§ **How to complete this task**:
Write the listing below out again in full, dropping its pictures.

§ **Input data**:
^^^^^^^^^^^^^^^^

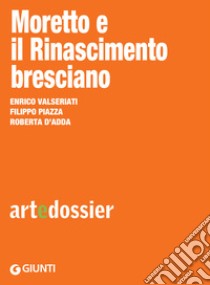 Moretto e il Rinascimento bresciano. E-book. Formato EPUB ebook di Enrico Valseriati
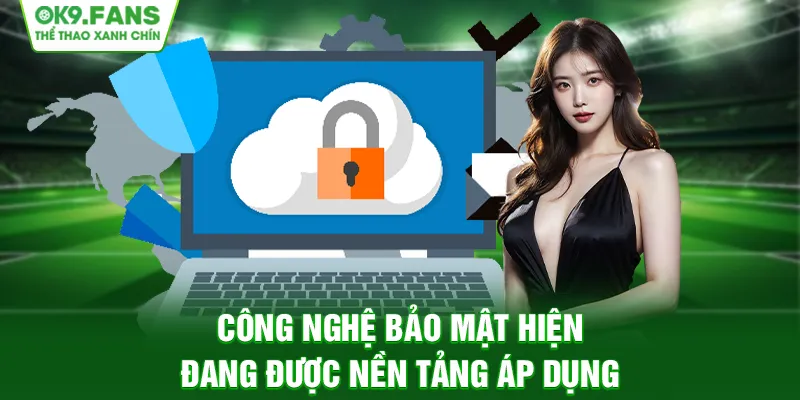 Công nghệ bảo mật hiện đang được nền tảng áp dụng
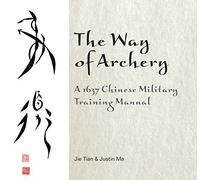 The Way of Archery: A 1637 Chinese Military Training Manual by Jie Tian (2015-02-28)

^^^^^^^^^^^^^^^^

§ **Result**:
 Moretto e il Rinascimento bresciano. E-book. Formato EPUB ebook di Enrico Valseriati
 Công nghệ bảo mật hiện đang được nền tảng áp dụng
 The Way of Archery: A 1637 Chinese Military Training Manual by Jie Tian (2015-02-28)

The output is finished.